Banks in Saudi Arabia will maintain high deposit levels and enjoy strong liquidity despite the current environment, S&P said in a report on Sunday.
The global ratings agency also sees economic risk in the kingdom as stable despite a budget deficit and public debt accumulated over the past years.
“We think the country still has sufficient fiscal and external buffers to weather periods of low oil prices… We expect banks will maintain high levels of core deposits in their funding bases and their strong liquidity metrics will remain intact,” S&P said.
Saudi’s banking sector is classified as A-/Stable/A-2 and belongs to group ‘4’ under S&P’s Banking Industry Country Risk Assessment (BICRA). Other countries in the same group include Ireland, Kuwait, Malaysia, New Zealand, Poland, Slovenia, Spain and Taiwan.
The kingdom’s banking sector is experiencing an “expansionary phase” after posting low growth for years, according to S&P.
Low oil, property prices
However, it said that the current growth of mortgage portfolios and increasing leverage are being offset by low prices in the property market and a “developing legal framework”.
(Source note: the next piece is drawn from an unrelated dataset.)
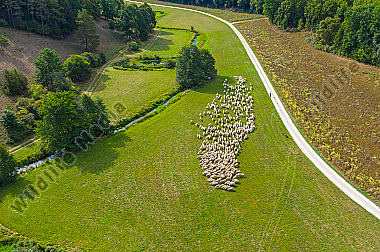 Schafherde Ovis aries im Tal der Laber. Luftaufnahme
“Although we expect the lower-for-longer interest rate environment will put pressure on banks’ margins, it should remain high and allow banks to continue to outperform their regional peers in terms of profitability,” S&P said.
It said the banking sector’s strengths include strong funding profile dominated by deposits, protected customer franchise, as well as material yet gradually eroding fiscal buffers that enable the state to survive low oil prices.